Moving work to a worker is not free, and pretending otherwise leads to putting everything on a worker, which is its own performance bug.

  • Serialization cost. postMessage copies its payload via the structured clone algorithm. For a multi-megabyte string that’s a real, measurable copy on the way in and another on the way out. For small inputs this copy plus the worker spawn costs more than just doing the work inline. That’s why the JSON path has INLINE_THRESHOLD_BYTES = 100_000: below 100 KB, the round trip is the slow part, so we skip the worker and format on the main thread synchronously. The worker earns its keep only when the work is big enough to dwarf the overhead.
  • Workers can’t touch the DOM. This pattern is for pure compute: parse, format, match, transform. Anything that needs the DOM has to come back to the main thread first. If your “slow operation” is actually slow because it’s thrashing layout, a worker won’t help, and the real fix is elsewhere.
  • You lose partial progress. terminate() is total. The half-built string, the matches found so far, all gone. For our cases that’s correct (a superseded format is worthless; a backtracking regex never produced anything useful). If your work is incremental and you’d want to keep partial results, termination is the wrong tool and you need genuinely cooperative chunking instead.
  • Cold start. The first new Worker(...) pays for fetching and initializing the worker module. We spawn lazily, on first real use, so it’s hidden behind the user’s own typing rather than added to page load.

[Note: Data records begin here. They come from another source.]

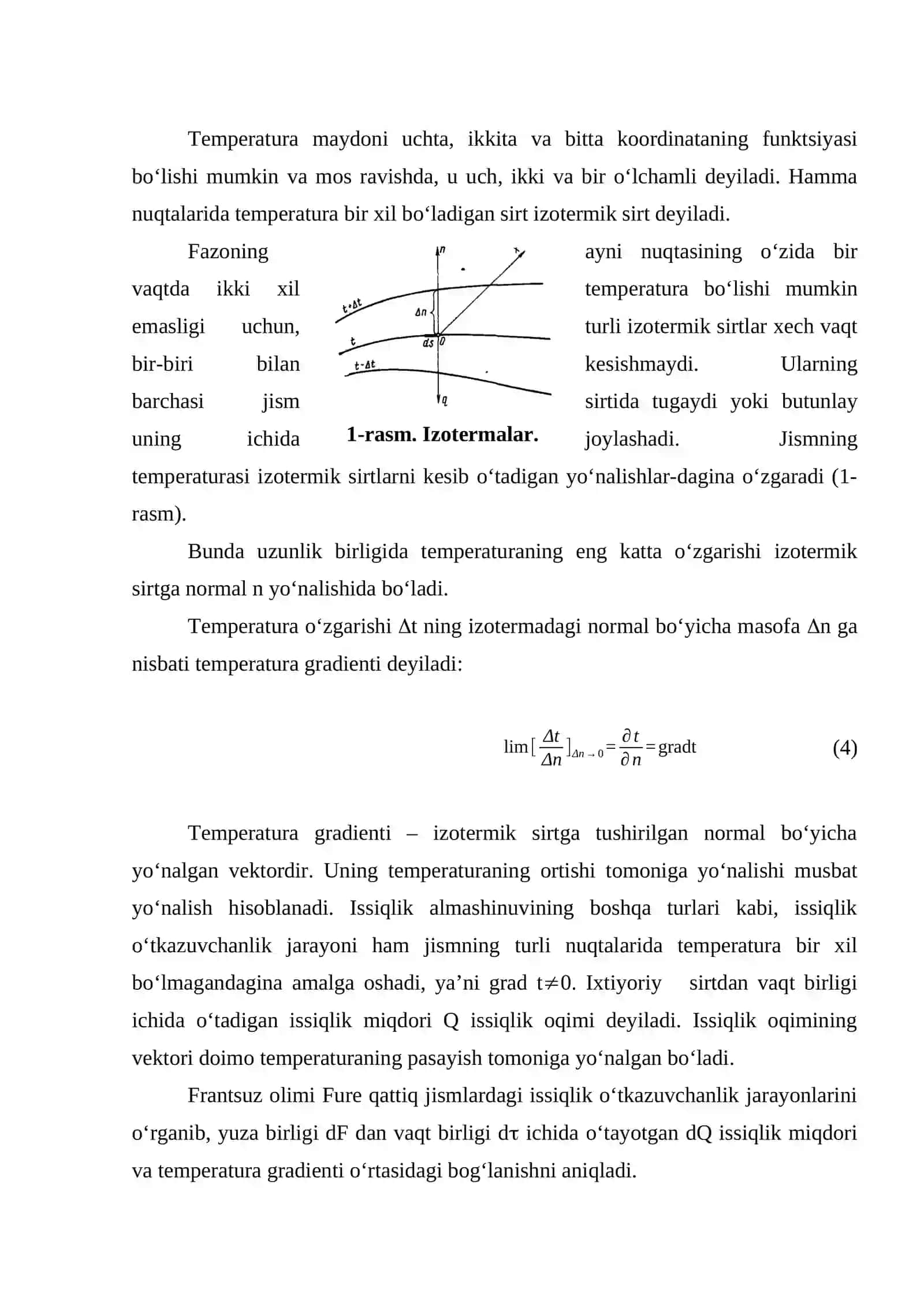 Issiqlik o‘tkazuvchanlik 3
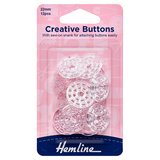 Hemline 22mm Creative Buttons - 12 Pack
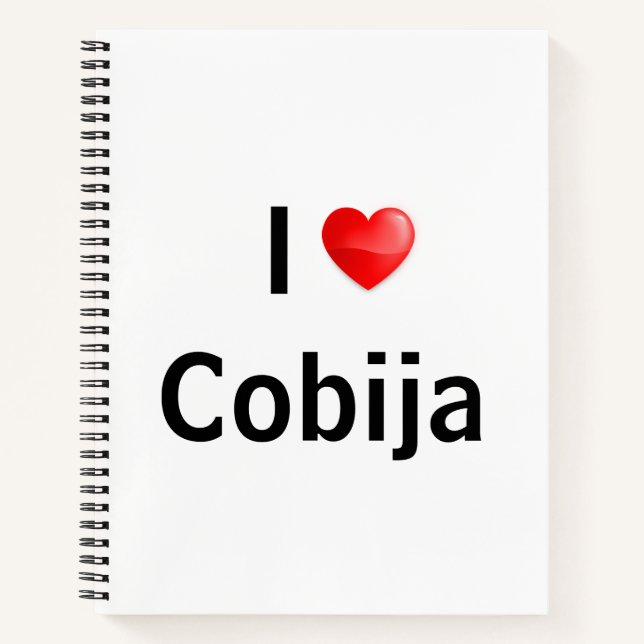 I Liebe Cobija Notizbuch (Vorderseite)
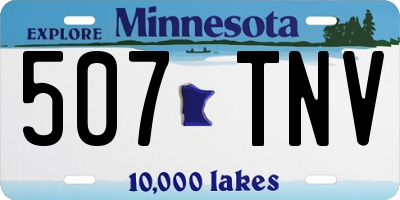 MN license plate 507TNV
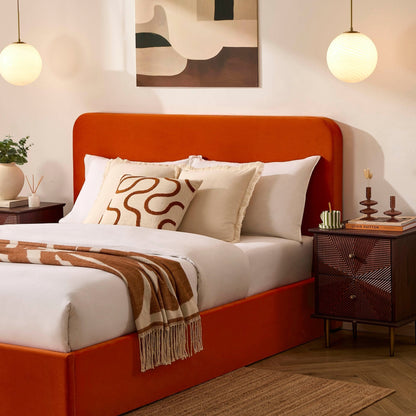 Ascot Ottoman Storage Bed - Bright Orange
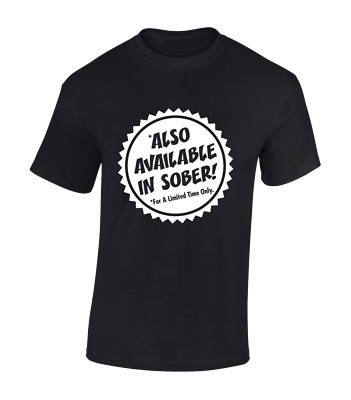AUCH IN NÜCHTERNEM HERREN T-SHIRT ERHÄLTLICH LUSTIG WITZ BIER GESCHENK FÜR PAPA EHEMANN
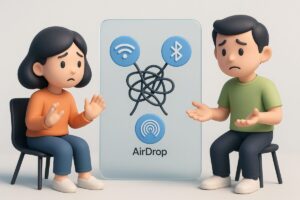 AirDropが使えない？MacとiPhoneのファイル共有トラブル対処法
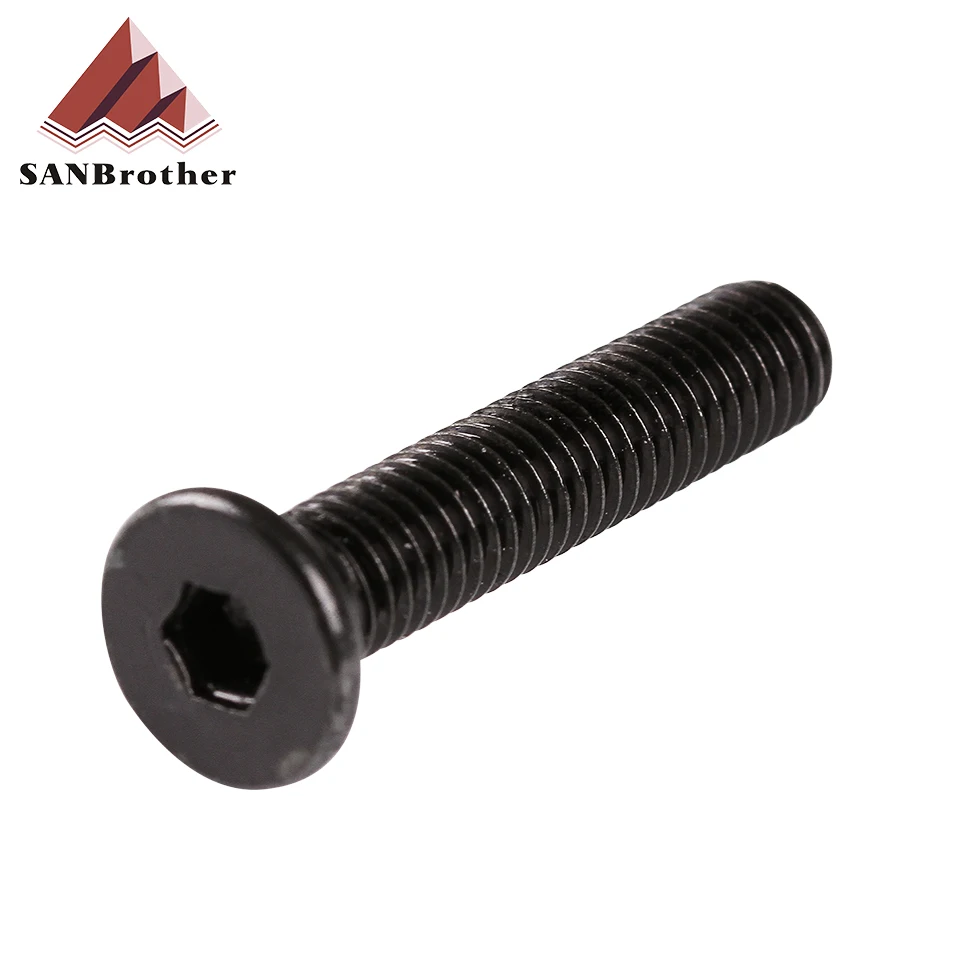 3D Printer Parts M5 Low Profile Screws M5*6/8/10/12/15/20/25/30mm black color M5 Low Profile Screws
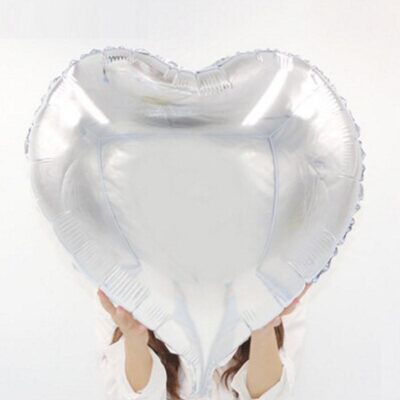 Jumbo Silver Heart Foil Balloon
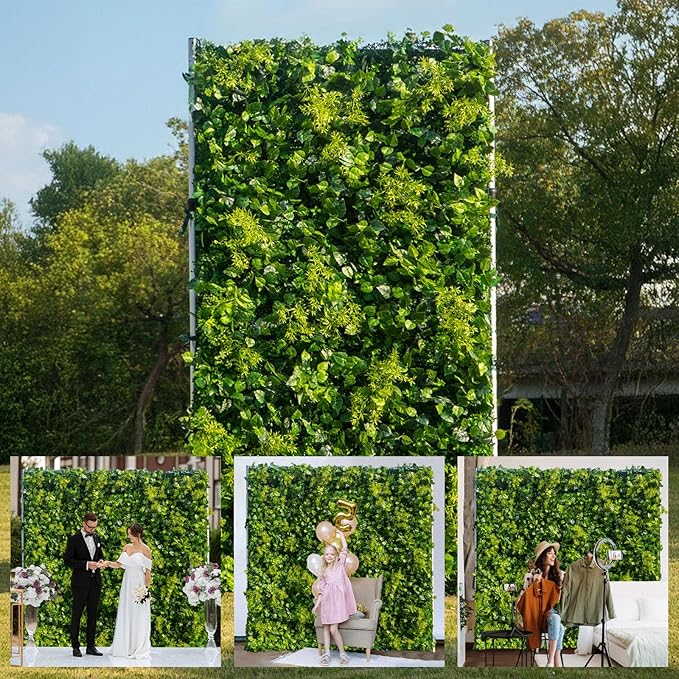 Artificial Luxury‌ Flower Wall Panels, Gorgeous 3D Silk Floral Backdrop by COCOFLOWERWALL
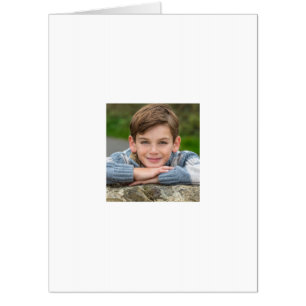 Create Your Own Son Photo Custom Pic Double Sided Card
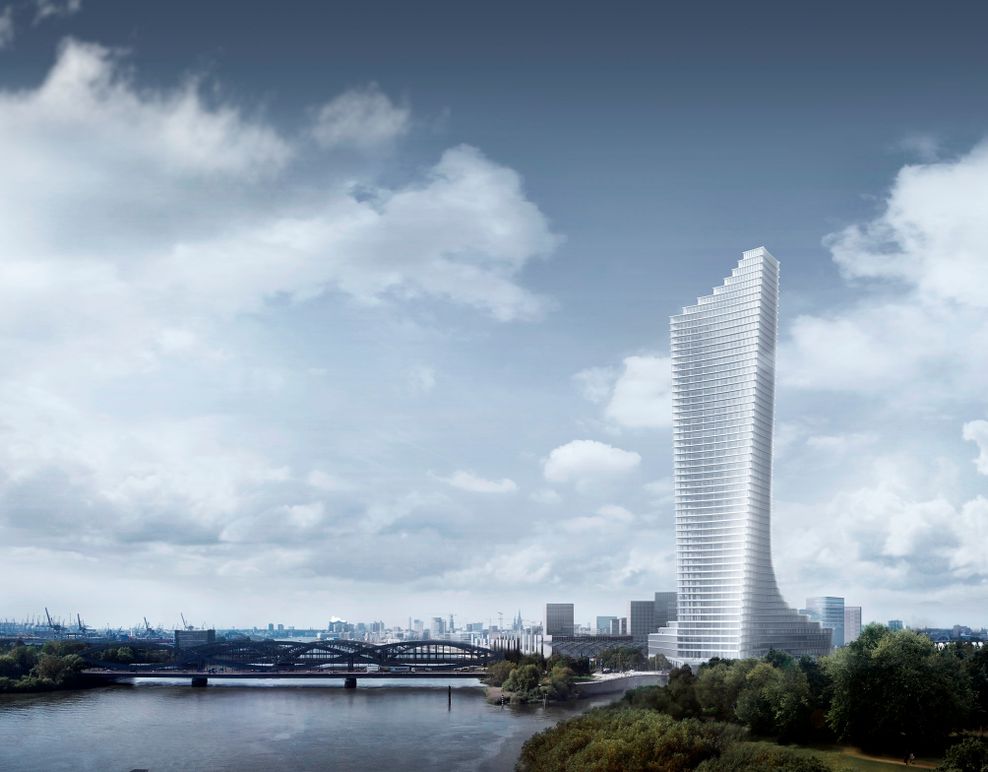So soll der Elbtower einmal aussehen. Doch dafür hat sich die Stadt mit einem umstrittenen Partner eingelassen.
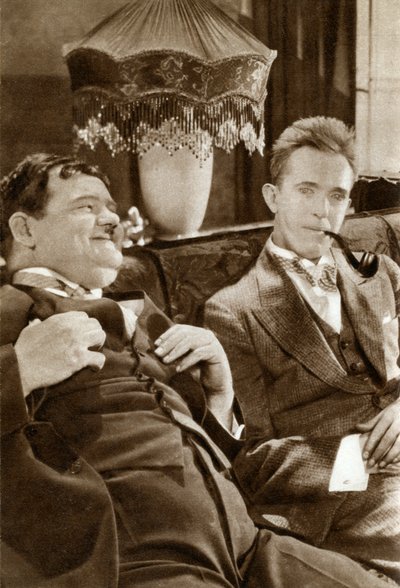 Stan Laurel en Oliver Hardy, Amerikaans komisch duo, 1933 door Unbekannt
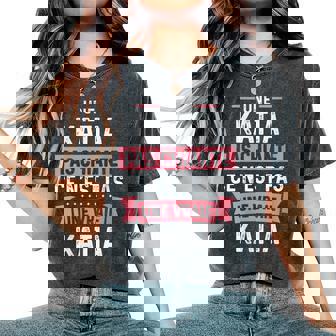 Phrase Drôle Personnalisée Humour Pour Chiante Katia T-shirt oversize confortable pour femme - Cadeauxyz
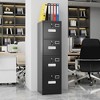 SUXXAN Metal Vertical File Storage Cabinet With 4 Drawer, 4 Lock and Name Card Holder For A4 Letter/legal Size,Assembly Required - 3 of 4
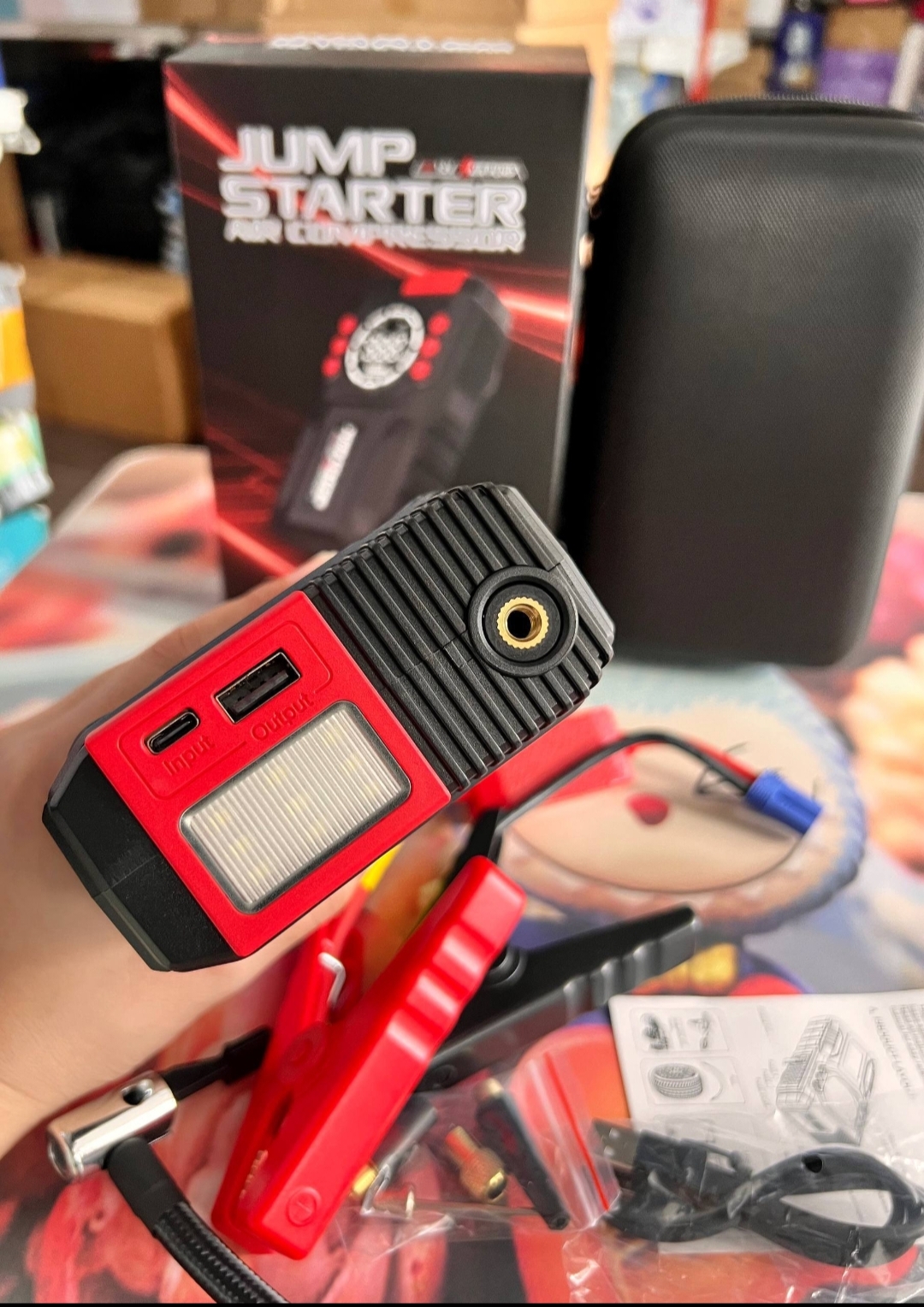 Jump starters air compressor 99800mah qy21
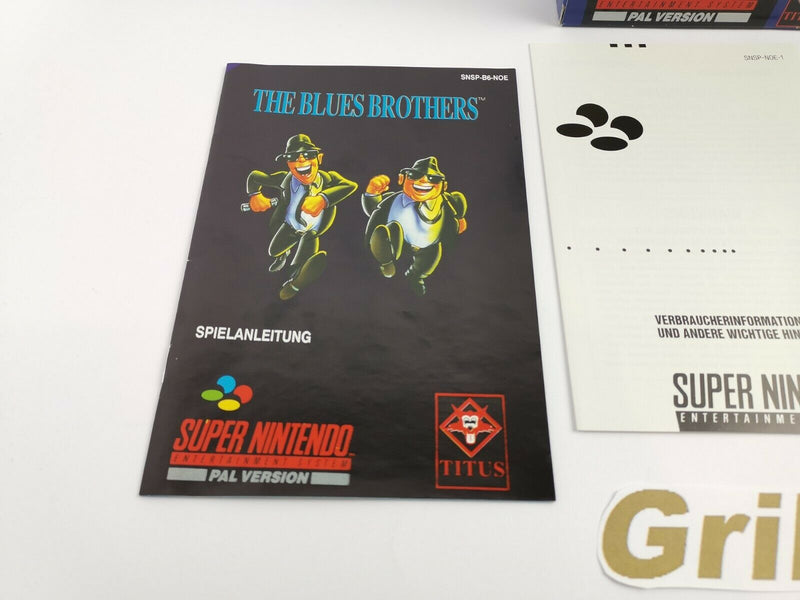 Super Nintendo game "The Blues Brothers" | Snes | Original packaging | Pal | CIB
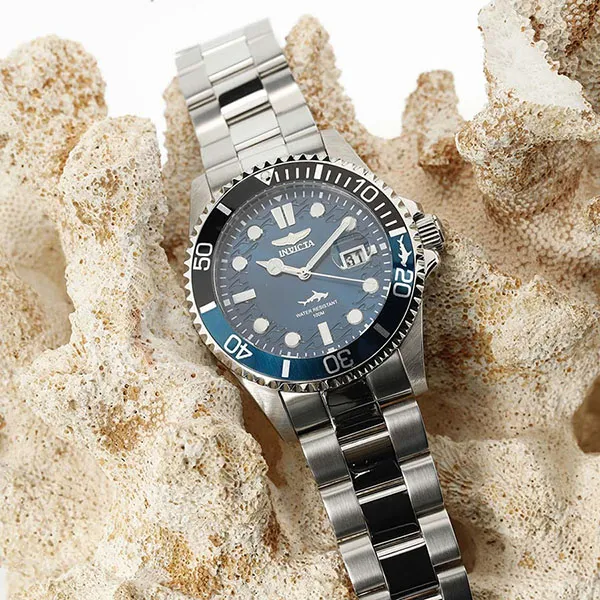 Đồng Hồ Nam Invicta Pro Diver IN30807 Màu Bạc Xanh
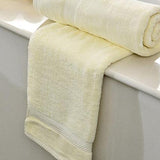 Plain Dyed Off-White Bath Towel-494
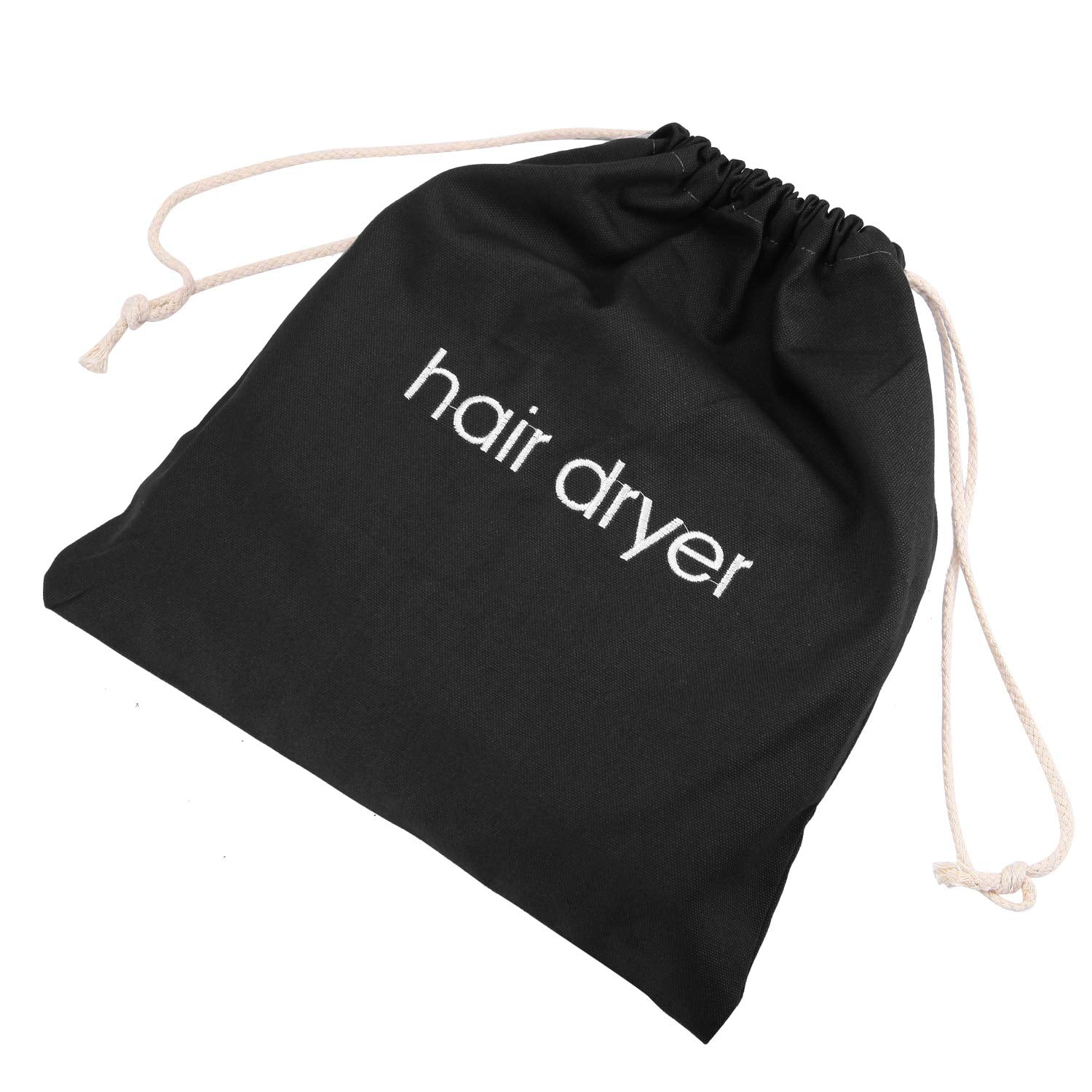 Cotton Hair Dryer Storage Bag Embroidered for Hotel Luggage Travel Hairdryer Bag 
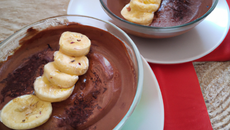 Mousseux chocolat bananes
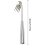 Grass Puller, Manual 4 Teeth Crab Grass Removal Tool, 40 Cm Removable Handle for Yards and Gardens 5
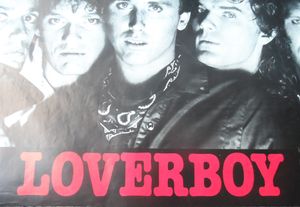 LOVERBOY 1981 Vintage Poster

When you don’t need any of this

If the input is bounded and you produced it yourself, do the work inline and move on. The whole apparatus above exists for two specific conditions: the work might not finish in a sane time (untrusted regex, untrusted document size), or a newer request makes an in-flight one pointless (live editing of large input). If neither is true, a worker is just latency and serialization cost with extra files.

The tell that you’ve crossed the line is the one we started with: a setTimeout-based deadline that never fires, because the thing you’re trying to time out is starving the timer. The moment you catch yourself writing a watchdog on the same thread as the thing it watches, stop. The watchdog needs a free thread, and the work needs a thread you can kill, and in the browser that means a worker and terminate().

Why this lives in a browser tool at all

There’s a server-shaped version of all of this. Ship the regex and the test string to a backend, run it there with a real timeout (or a sandboxed process you can SIGKILL), return the result. It works, and it moves the freeze off the user’s tab.

It also means the user’s regex, and more to the point the data they’re testing it against, left their machine. For a developer pasting a production log line to check a pattern against it, that’s the whole question. Doing it in a worker keeps the hostile-input problem and its solution on the user’s device: the tab stays responsive, the pathological pattern gets killed at two seconds, and nothing was uploaded to make that happen. The kill switch is local, which is the only kind of kill switch that doesn’t require trusting us.

The tools this came out of are the regex tester (timeout-kill) and the JSON formatter (cancel-on-supersede). Same primitive, two triggers.